If we know about the Poisson we know that the time between successive events is exponentially distributed, with a parameter that is the rate at which the events occur on average per unit of time. Exponential means that short intervals are more common than long intervals, but the probability never goes to zero. There's nothing special about this other than it describes how uncorrelated things happen. Now that means if we take the logarithm of this interval, it is uniformly distributed, and that's really cool, because that means that we can do some really nice numbers against it.

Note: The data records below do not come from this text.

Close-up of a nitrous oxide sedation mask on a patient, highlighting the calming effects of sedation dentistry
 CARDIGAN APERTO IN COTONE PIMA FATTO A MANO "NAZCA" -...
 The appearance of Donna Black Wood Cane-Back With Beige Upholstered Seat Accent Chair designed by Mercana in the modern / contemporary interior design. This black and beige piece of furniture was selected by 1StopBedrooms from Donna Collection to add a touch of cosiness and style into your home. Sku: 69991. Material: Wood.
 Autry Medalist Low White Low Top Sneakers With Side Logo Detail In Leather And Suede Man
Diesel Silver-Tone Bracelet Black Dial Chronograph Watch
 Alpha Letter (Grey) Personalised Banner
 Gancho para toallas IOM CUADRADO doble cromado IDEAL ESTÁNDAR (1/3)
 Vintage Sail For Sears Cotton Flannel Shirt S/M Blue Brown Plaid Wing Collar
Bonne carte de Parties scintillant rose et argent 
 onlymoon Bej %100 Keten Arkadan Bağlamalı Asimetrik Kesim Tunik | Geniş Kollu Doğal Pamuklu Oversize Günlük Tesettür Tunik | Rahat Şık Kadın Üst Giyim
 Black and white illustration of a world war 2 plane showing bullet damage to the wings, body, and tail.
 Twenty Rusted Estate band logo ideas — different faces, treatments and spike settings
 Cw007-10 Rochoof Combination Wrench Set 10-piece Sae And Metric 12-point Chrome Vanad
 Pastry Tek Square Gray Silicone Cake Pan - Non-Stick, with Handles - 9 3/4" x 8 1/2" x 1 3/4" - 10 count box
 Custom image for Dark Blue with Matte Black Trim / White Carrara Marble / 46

Now the problem here, the remaining issue is that there's a rate in here. The average rate has to be estimated somehow. We have to have some idea what rate we expect right now, and if you think about it most of these sorts of events have some sort of diurnal or weekly variation in rate. That means that we have to see this changing rate. It might be busy during the day and then quiet at night. Perhaps not quite zero because it might be another global market that's being served, but up and down every day, possibly ten to one. What we can do is we can take samples from history, perhaps 24 hours ago exactly, perhaps one hour ago and two hours ago, because that gives us kind of a rate at which things are increasing or decreasing.
One day ago gives us the average daily shape. We can combine these by multiplying them by factors, I'll talk about that in a moment, and add those up to get a predicted rate. We might actually predict the logarithm of the actual rate, because we're talking about percentage changes, but this linear combination is a very, very effective way to do that prediction.
Now one of the really cool things is you can derive these constants using linear regression. Now you want a form of linear regression that is biased toward omitting variables, toward throwing things away, toward settings these parameters to zero, but it's built in to Python's NumPy, there's a lot of different implementations of this linear regression with so called regularization. Regularization is a process which prefers simple models. Once you have the rate predictor, using probably some linear model of the log of a number of events, you can generate a surprise statistic, an anomaly score, using the log of the time between these scaled by rate, and sham, you've got an anomaly detector.
All that's left now is to decide how do you know when there's a really big anomaly score? That really big anomaly score means bigger than has been seen in the past in the high percentiles. I'll talk about that in another video on the t-digest. That's an optimal way to estimate these percentiles, so there you go. That's anomaly detection in one whiteboard – thanks!